Sparse Grid Discretizations based on a Discontinuous Galerkin Method
For researchers solving high-dimensional PDEs, this work provides a more efficient discretization method that mitigates the curse of dimensionality.
The paper extends sparse grid discretizations using a Discontinuous Galerkin method to solve the scalar wave equation in up to 6+1 dimensions, achieving a cost of O(N log^{D-1}N) compared to O(N^D) for full grids, with superior performance even in 3D.

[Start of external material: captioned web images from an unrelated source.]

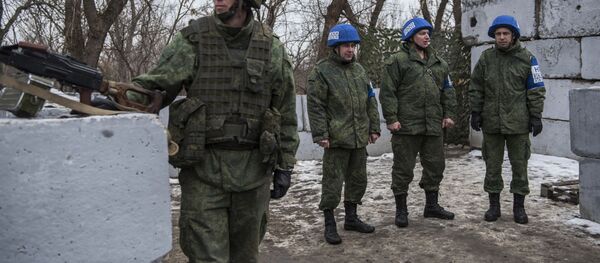 КПП в Станице Луганской КПП в Станице Луганской - Sputnik Абхазия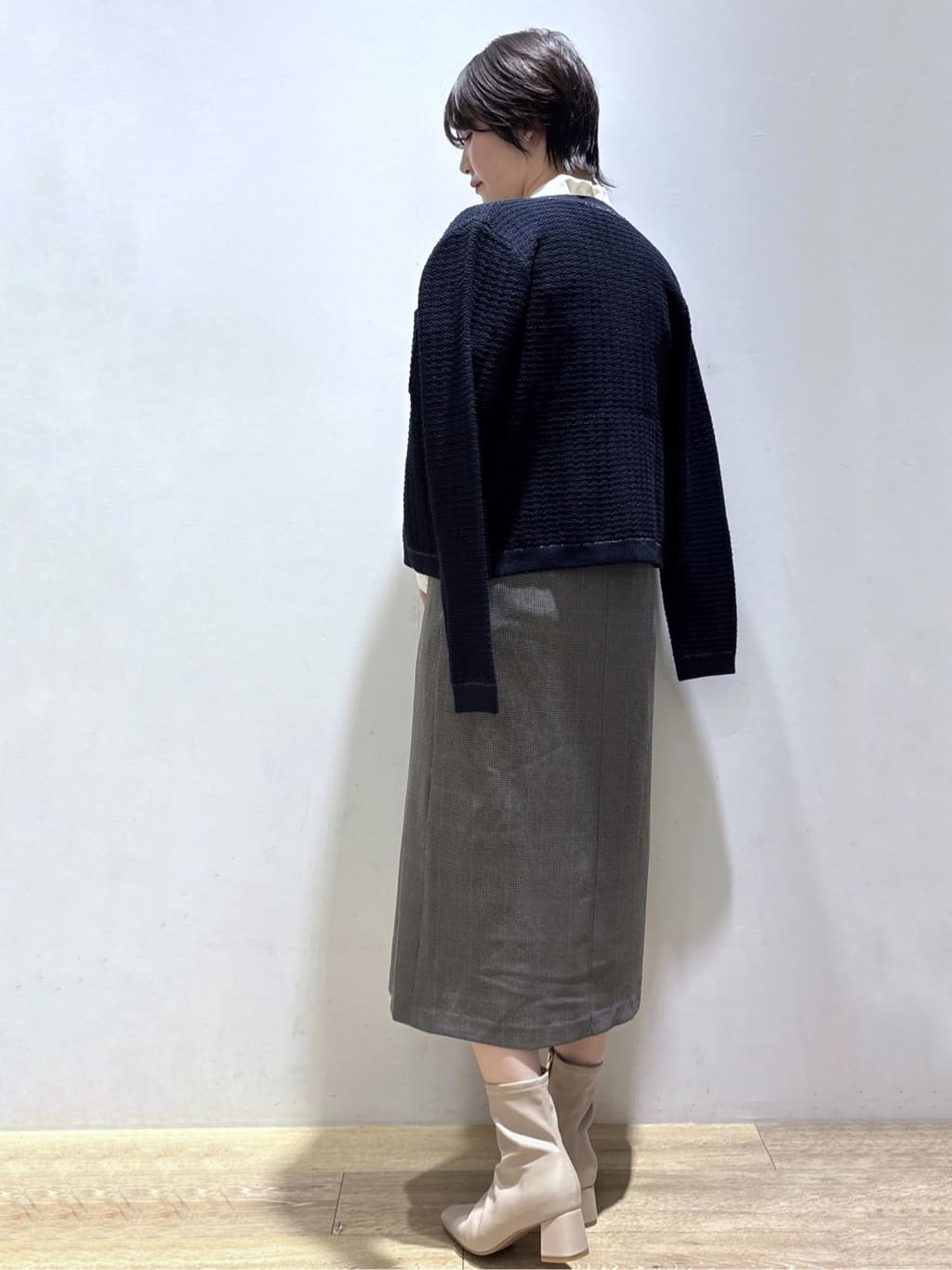 mizukiさんの「index｜ロゴ刺繍クルーカーディガン【洗濯機洗い可】」を使ったコーディネート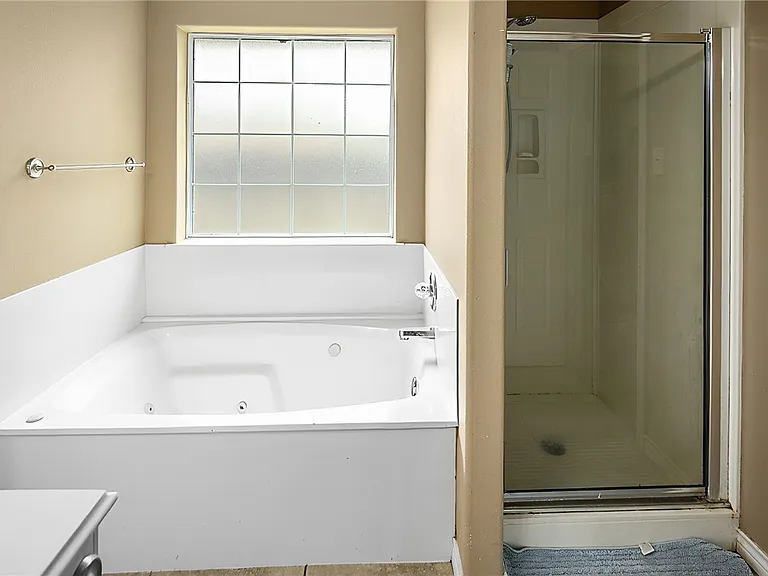 335 Robelmont Dr — Photo 17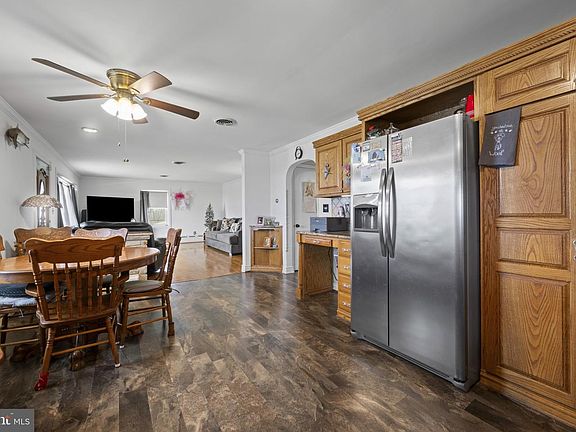 5th image of 5111 Hanover Pike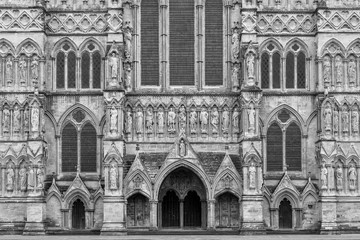 Fototapeta premium West front view of Salisbury Cathedral. Salisbury, Wiltshire, UK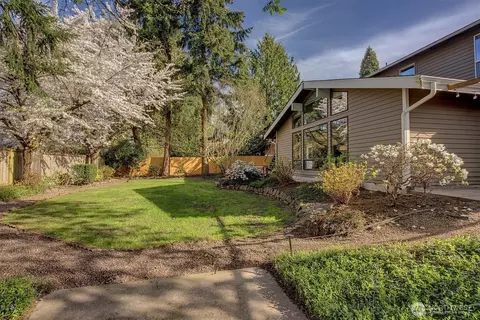 Exterior - 19303 89th Ave NE, Bothell, WA 98011 photo 8 of 8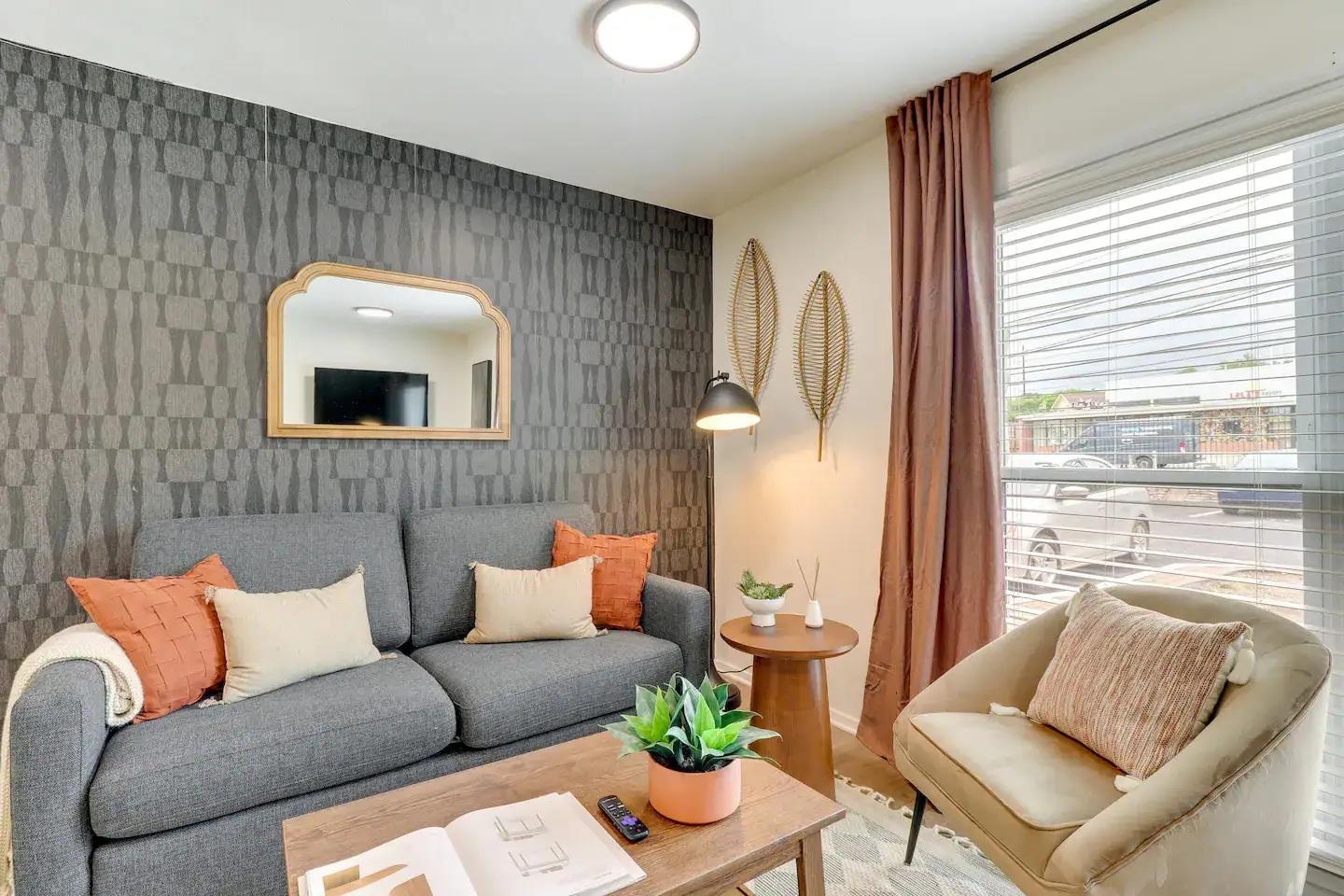 2401 Manor rd # 129, Austin, TX 78722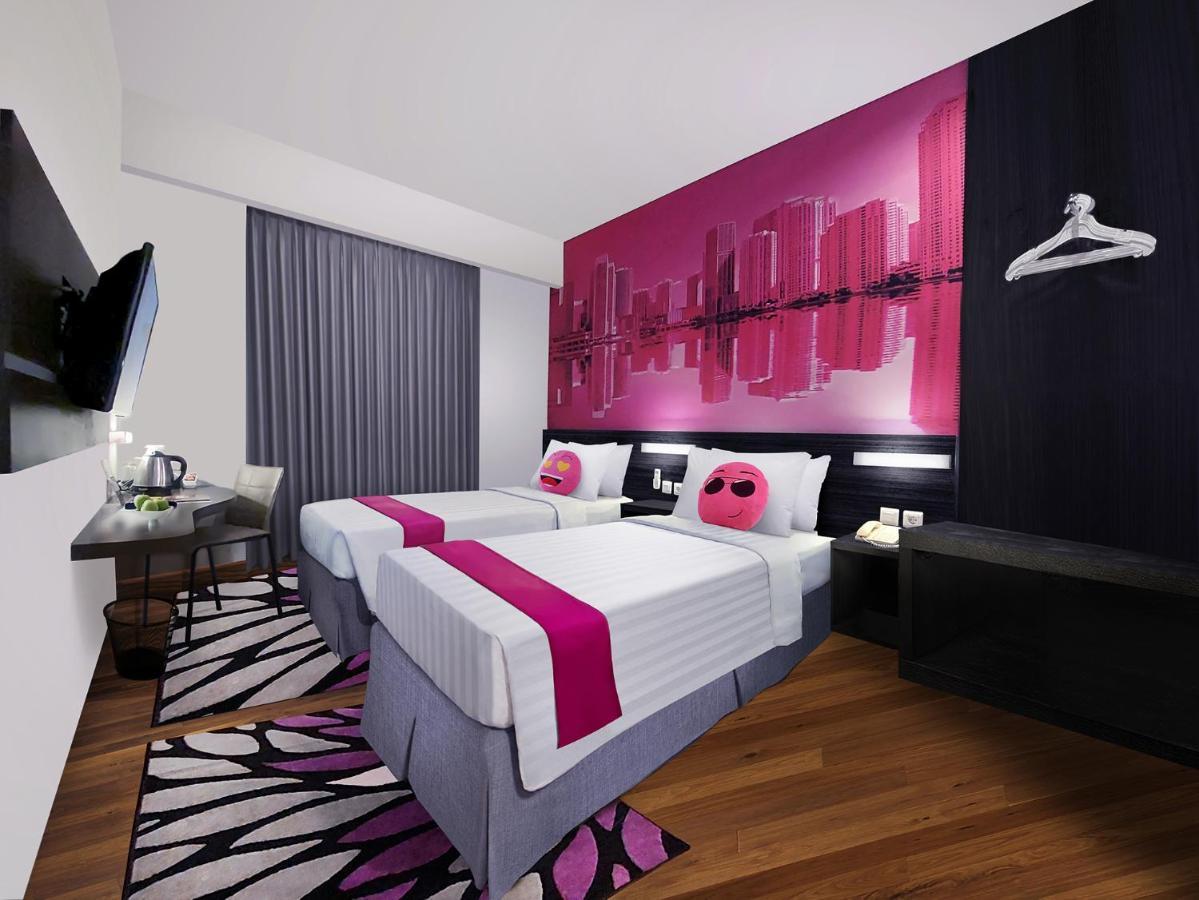 Favehotel Graha Agung Surabaya Luaran gambar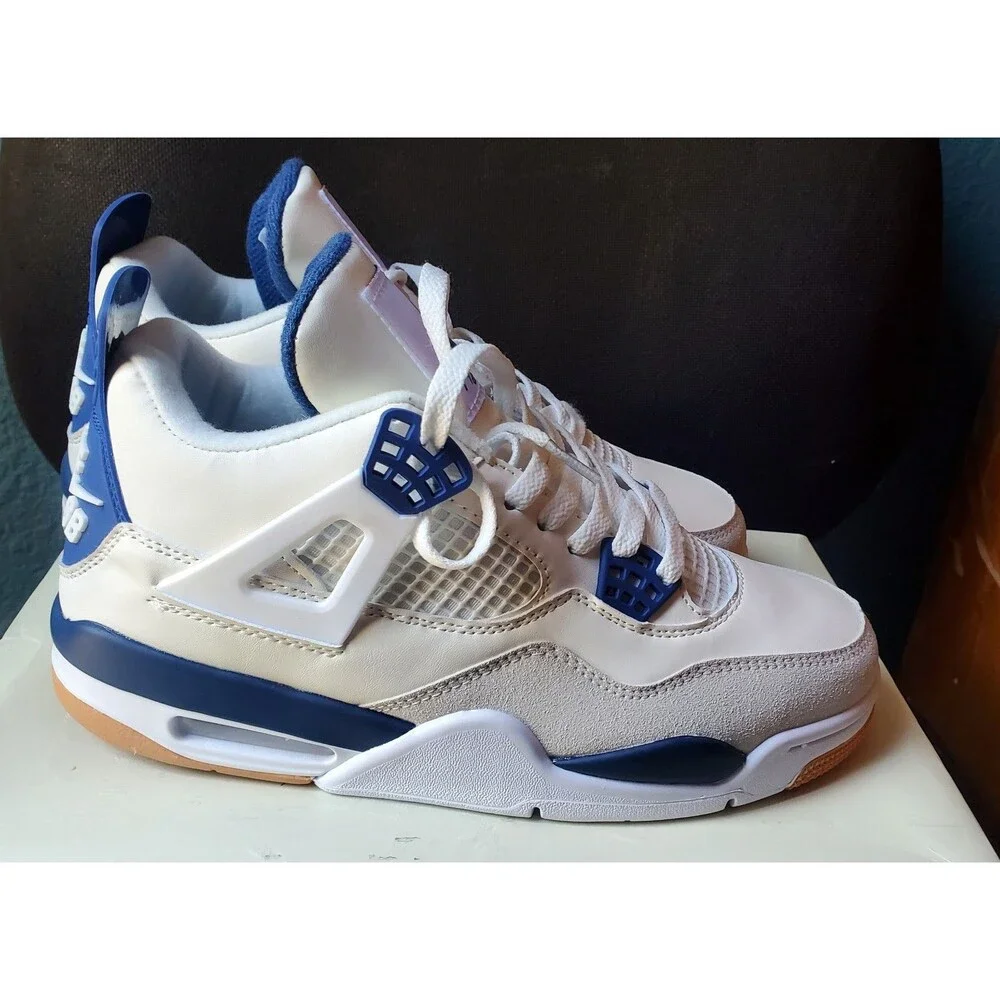 Nike SB x Air Jordan 4 Retro Navy Blue. Size 8.5
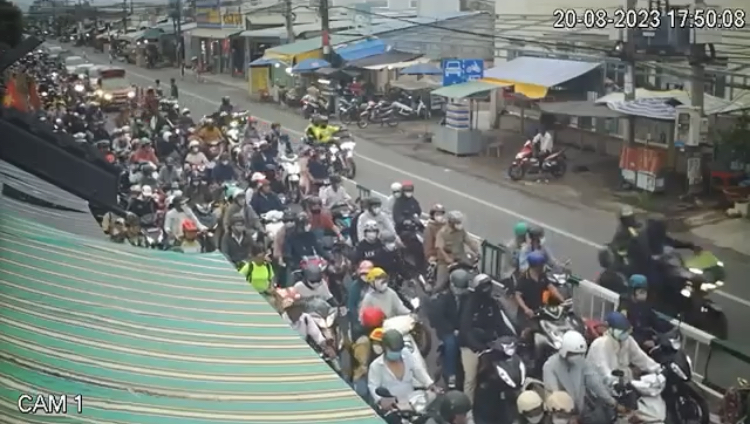 Vụ nhóm mô tô "tỏ thái độ" ở phà Cát Lái: Gần 10 người đã làm việc với công an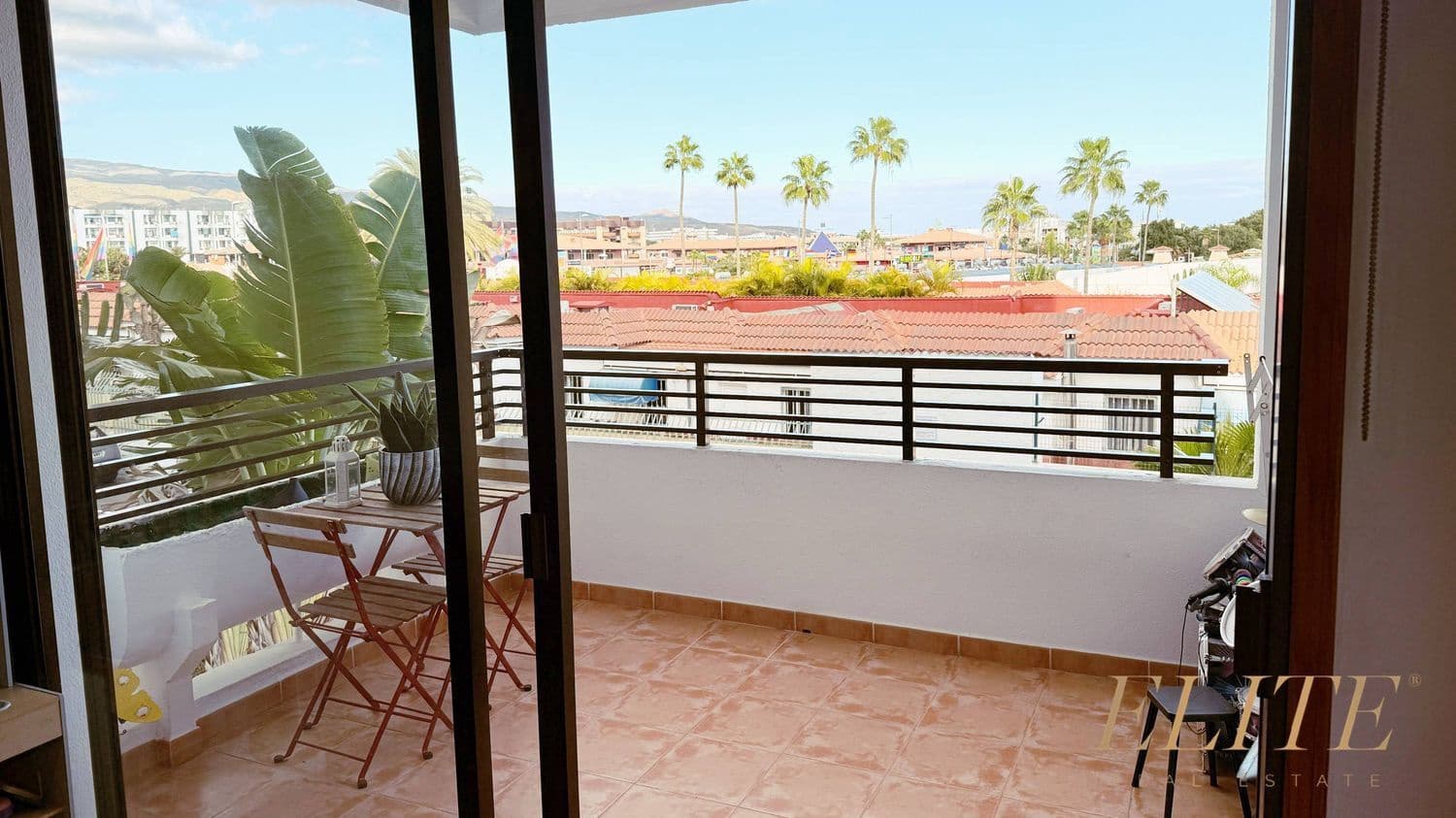 1 bedroom Apartment for sale in Playa del Ingles with pool garage - € 249,000 (Ref: 9586844)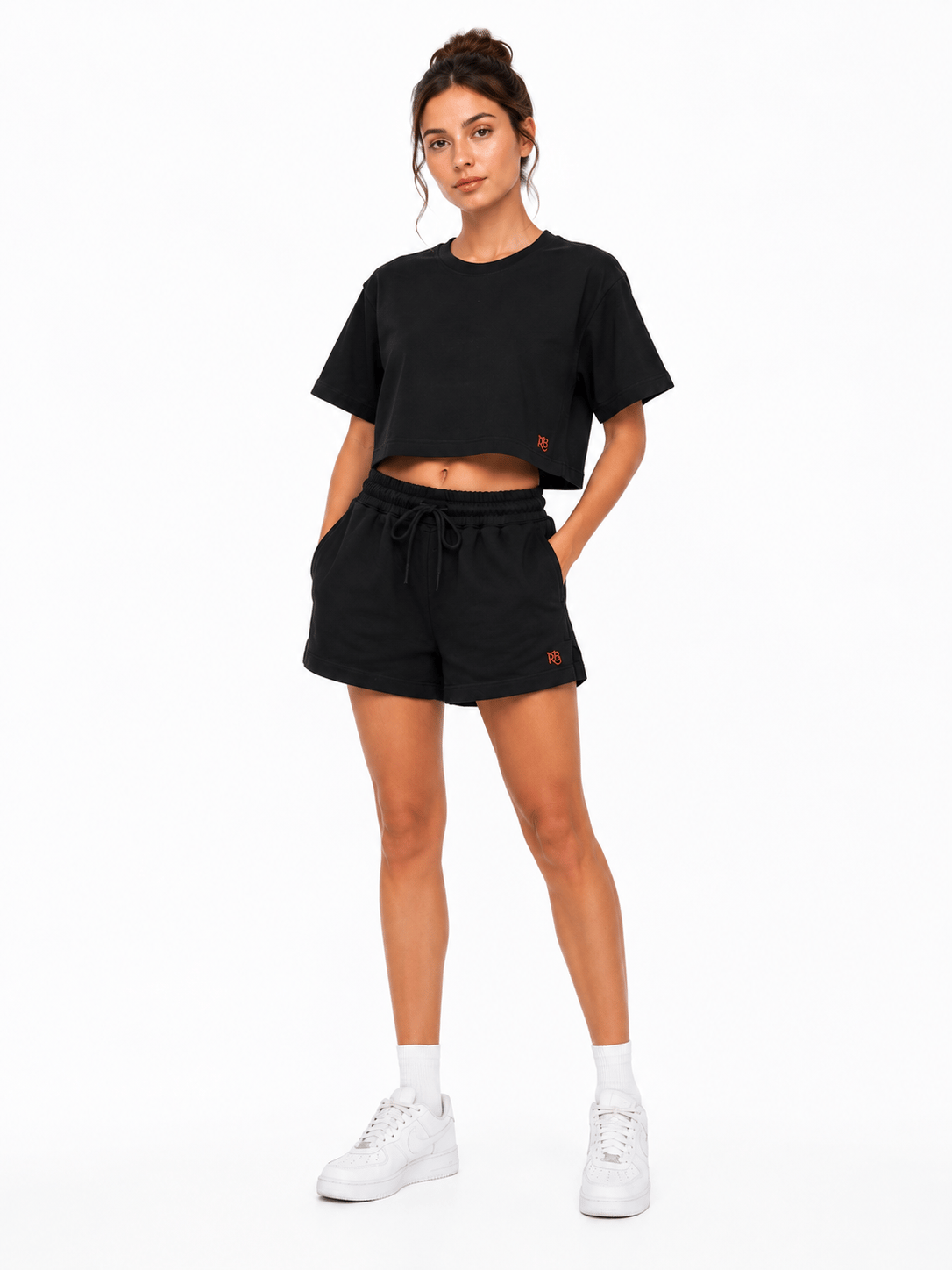 Siyah Crop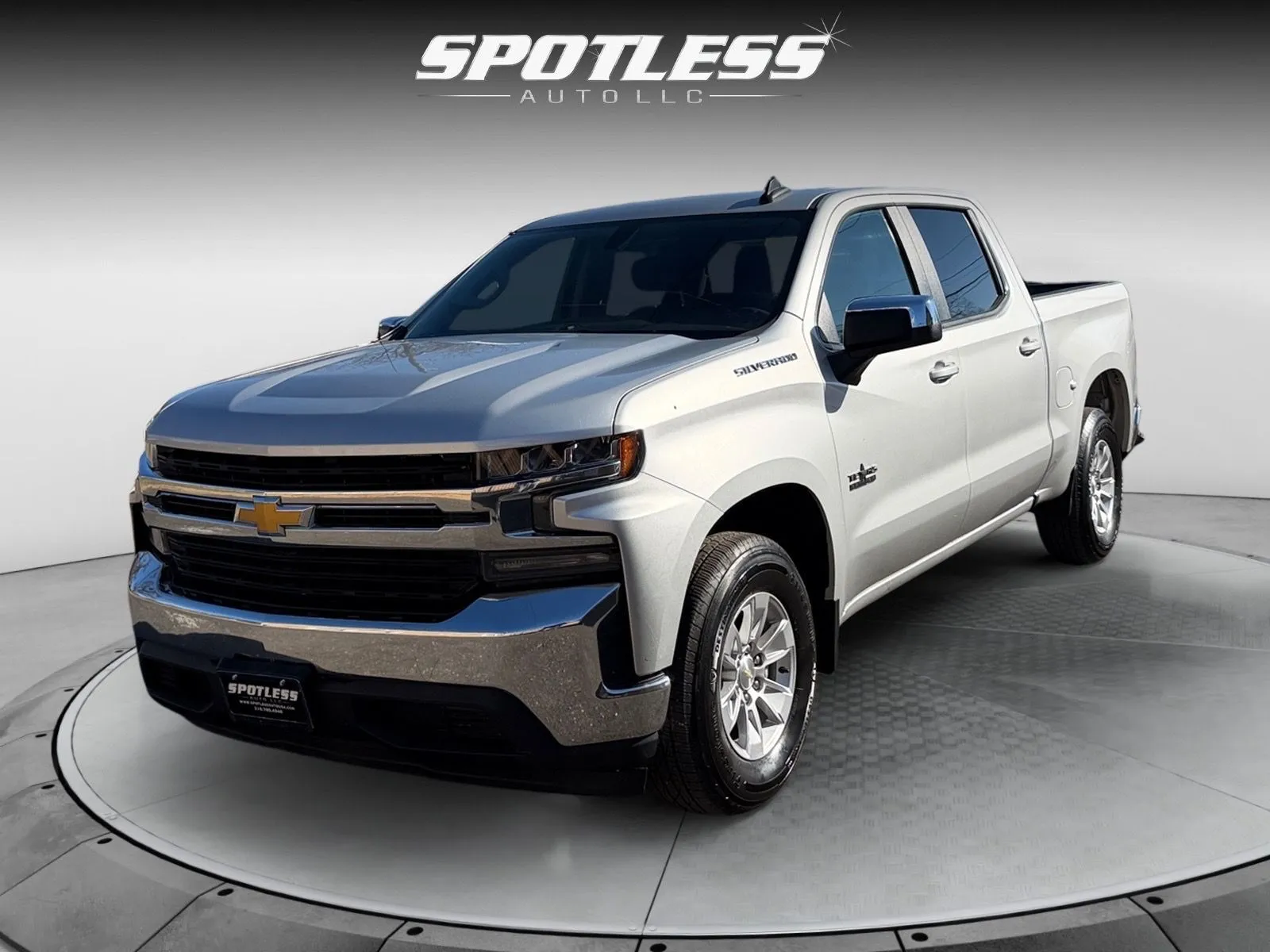 Silver 2020 Chevrolet Silverado 1500 LT for sale in San Antonio, TX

We examine and extend Sparse Grids as a discretization method for partial differential equations (PDEs). Solving a PDE in $D$ dimensions has a cost that grows as $O(N^D)$ with commonly used methods. Even for moderate $D$ (e.g. $D=3$), this quickly becomes prohibitively expensive for increasing problem size $N$. This effect is known as the Curse of Dimensionality. Sparse Grids offer an alternative discretization method with a much smaller cost of $O(N \log^{D-1}N)$. In this paper, we introduce the reader to Sparse Grids, and extend the method via a Discontinuous Galerkin approach. We then solve the scalar wave equation in up to $6+1$ dimensions, comparing cost and accuracy between full and sparse grids. Sparse Grids perform far superior, even in three dimensions. Our code is freely available as open source, and we encourage the reader to reproduce the results we show.